- _EXERCISE REQUIREMENTS_
Could you give the data that follows again exactly, without its pictures?

[[ EXERCISE DATA open ]]

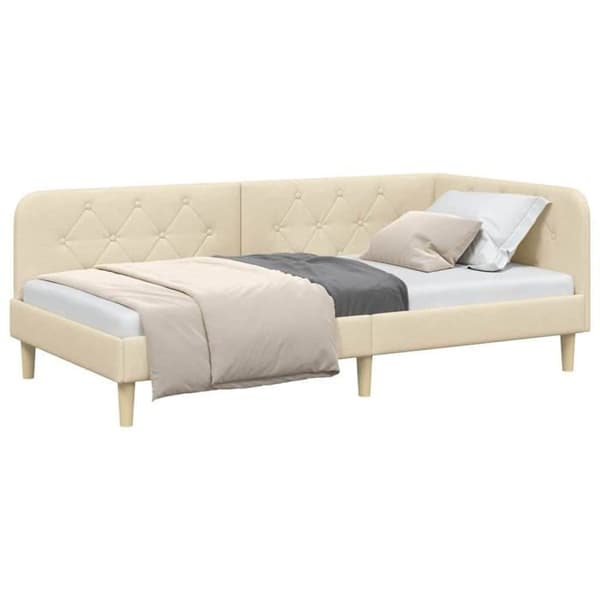 Vinkelsängram i tyg - vidaXL - Kräm - 100x200 cm - L-formad design - Multifunktionell sängsoffa Grädde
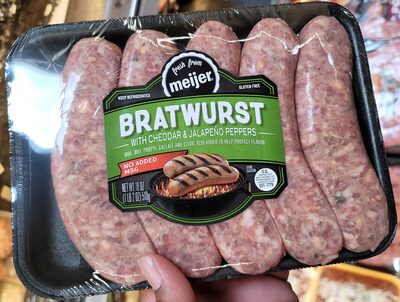 Bratwurst With Cheddar & Jalapeno Peppers, Cheddar & Jalapeno Peppers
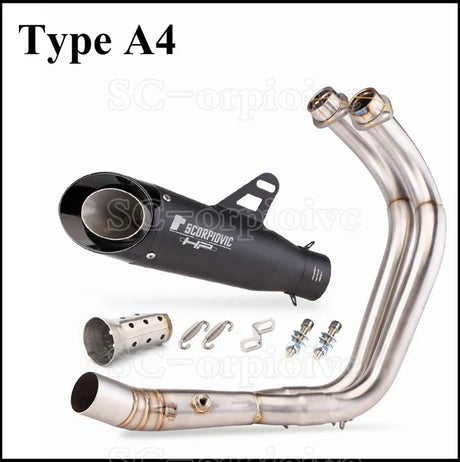 For Yamaha MT-07 FZ-07 Motorcross Exhaust Front Pipe Motorcycle Muffler System Modified Escape Moto Racing YZF MT07 FZ07 TRACER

[[ EXERCISE DATA closed ]]

- _EXPECTED OUTPUT_
 Vinkelsängram i tyg - vidaXL - Kräm - 100x200 cm - L-formad design - Multifunktionell sängsoffa Grädde
 Bratwurst With Cheddar & Jalapeno Peppers, Cheddar & Jalapeno Peppers
 For Yamaha MT-07 FZ-07 Motorcross Exhaust Front Pipe Motorcycle Muffler System Modified Escape Moto Racing YZF MT07 FZ07 TRACER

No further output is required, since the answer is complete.